Segreto – Lc 9,18-22
Un giorno Gesù si trovava in un luogo solitario a pregare. I discepoli erano con lui ed egli pose loro questa domanda: «Le folle, chi dicono che io sia?». Essi risposero: «Giovanni il Battista; altri dicono Elìa; altri uno degli antichi profeti che è risorto».
Allora domandò loro: «Ma voi, chi dite che io sia?». Pietro rispose: «Il Cristo di Dio».
Egli ordinò loro severamente di non riferirlo ad alcuno. «Il Figlio dell’uomo – disse – deve soffrire molto, essere rifiutato dagli anziani, dai capi dei sacerdoti e dagli scribi, venire ucciso e risorgere il terzo giorno».
«Ordinò loro severamente di non riferirlo ad alcuno». Il cosiddetto «segreto messianico», ovvero l’ordine sorprendente di Gesù di non rivelare la sua identità di Messia (attestato soprattutto nel vangelo di Marco) è un aspetto intrigante su cui gli studiosi si sono affaticati.
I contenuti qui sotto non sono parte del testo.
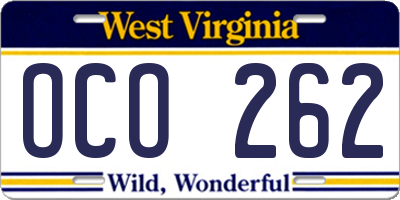WV license plate OCO262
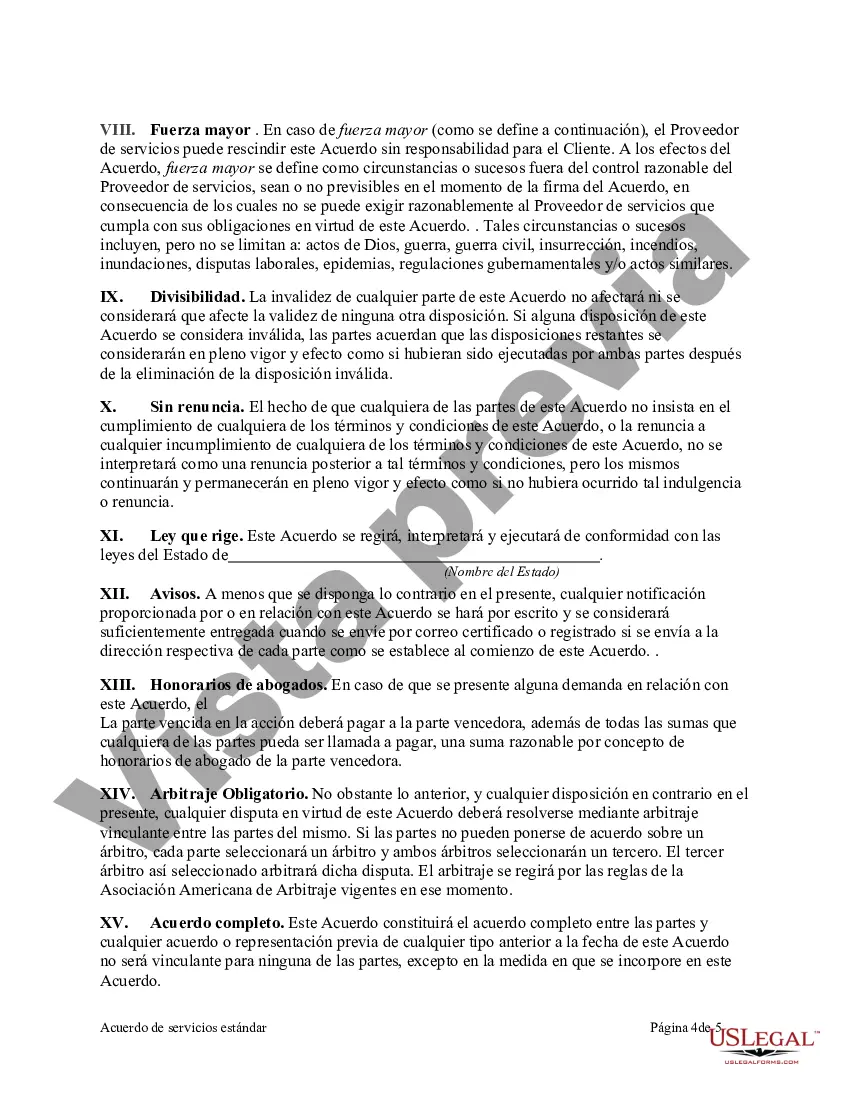 Preview Acuerdo de servicios estándar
Come mai Gesù è così perentorio di fronte alla confessione della sua identità anche da parte dei discepoli?
La spiegazione più semplice riguarda il contesto storico, dove dominava una concezione nazionalistica, politica e marziale del Messia inteso come il liberatore di Israele dal potere romano che si sarebbe mostrato con atti clamorosi, sensazionali, a sostegno della causa ebraica. Gesù contesta tale visione che inquinerebbe il senso profondo delle sue opere e del suo messaggio.
Ma la stessa raccomandazione conserva ancora una sua validità. Vale anche per noi la fatica ad ascoltare la «parola della croce» come il senso della realizzazione della vita umana, secondo il cuore di Dio, dentro questa storia segnata dal mistero del male. Tocca anche a noi fare i conti con la provocazione di Gesù («Voi chi dite che io sia?»), assumere con fiducia la fede di Pietro («Tu sei il Cristo») e rimanere umilmente in cammino per capire che cosa significhi poi nella nostra vita.